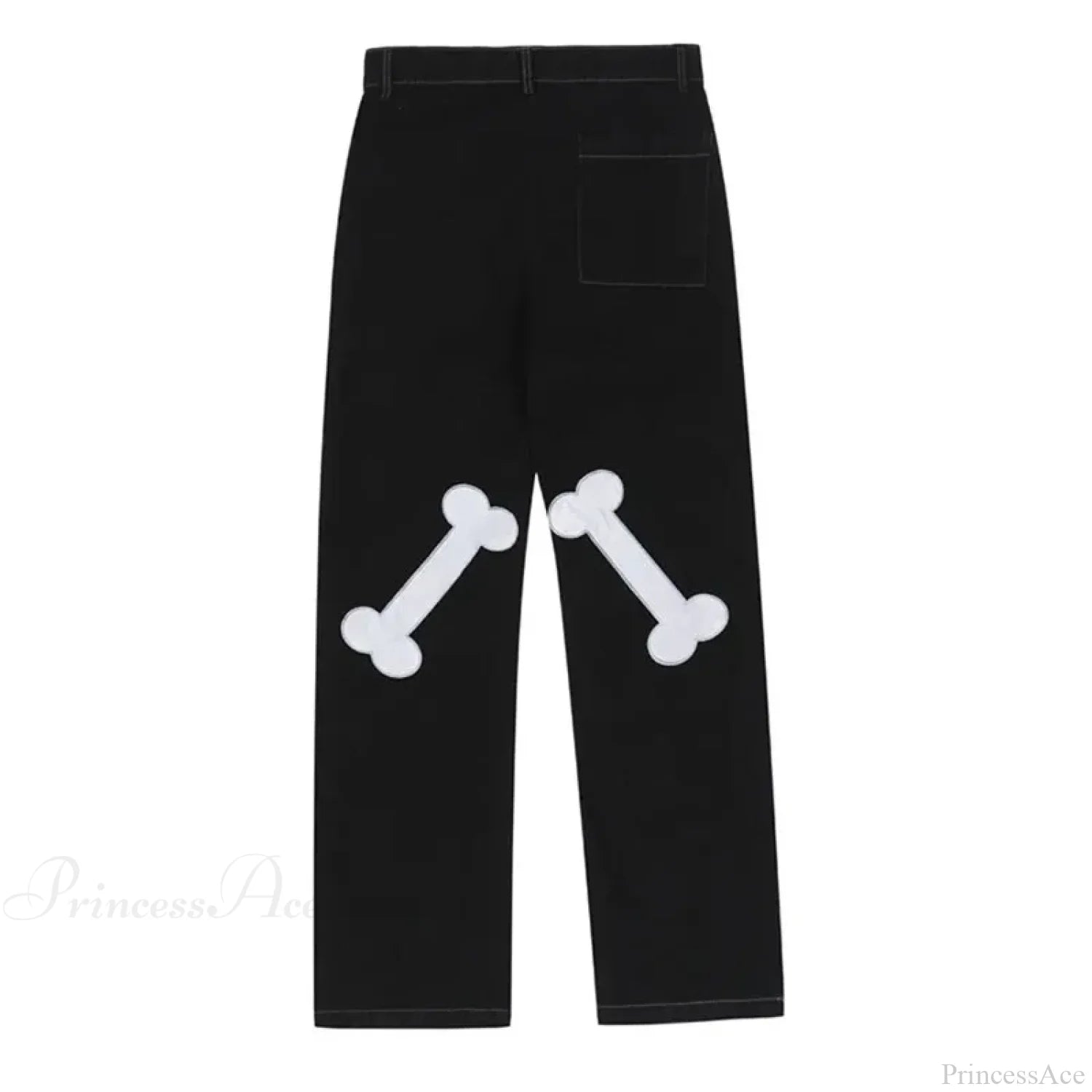 Y2K Black Embroidered Jeans Pants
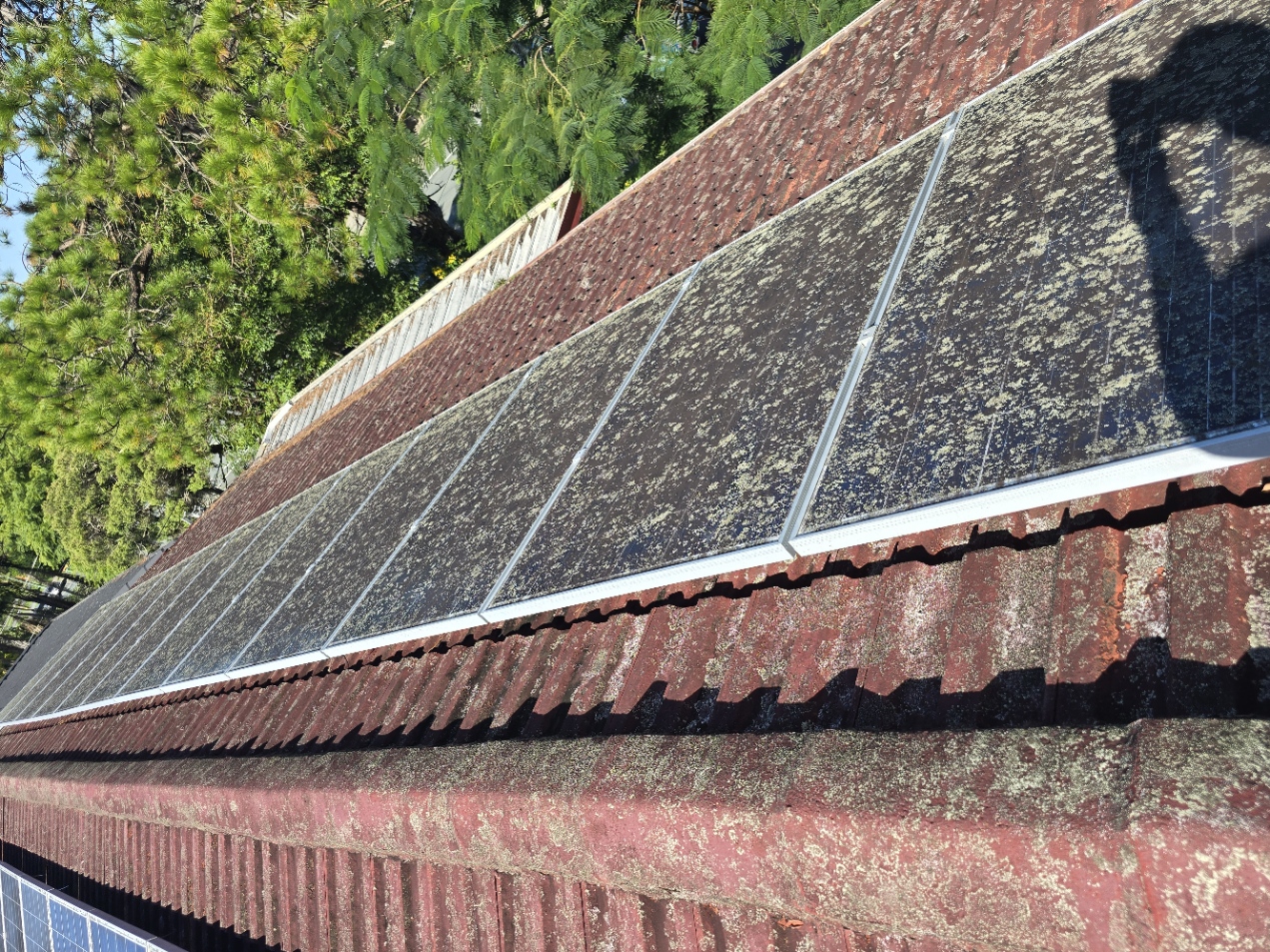 Dirty solar panels covered in dust and bird droppings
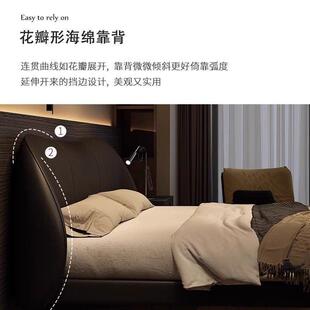 意复古漪头层床简约人青色双主卧式床卧室齐涟边悬浮HNS实木床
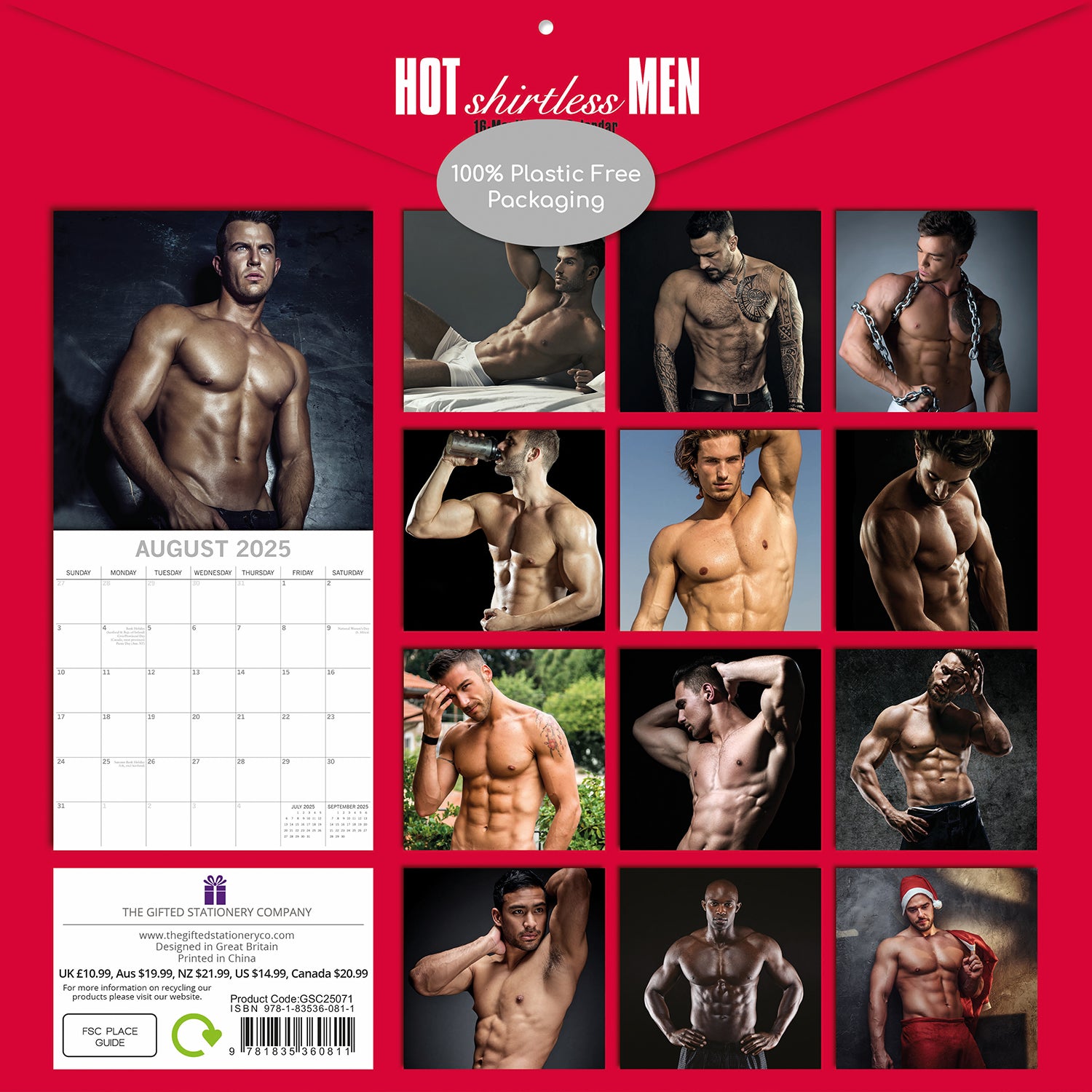 Hot Shirtless Men 2025 Square Wall Calendar 16 Months Xmas New Year Planner Gift V474-690822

● Task to complete: Could you transcribe all of the data exactly and omit the pictures?

● Response box:
 Y2K Black Embroidered Jeans Pants
 Dirty solar panels covered in dust and bird droppings
 意复古漪头层床简约人青色双主卧式床卧室齐涟边悬浮HNS实木床
 Hot Shirtless Men 2025 Square Wall Calendar 16 Months Xmas New Year Planner Gift V474-690822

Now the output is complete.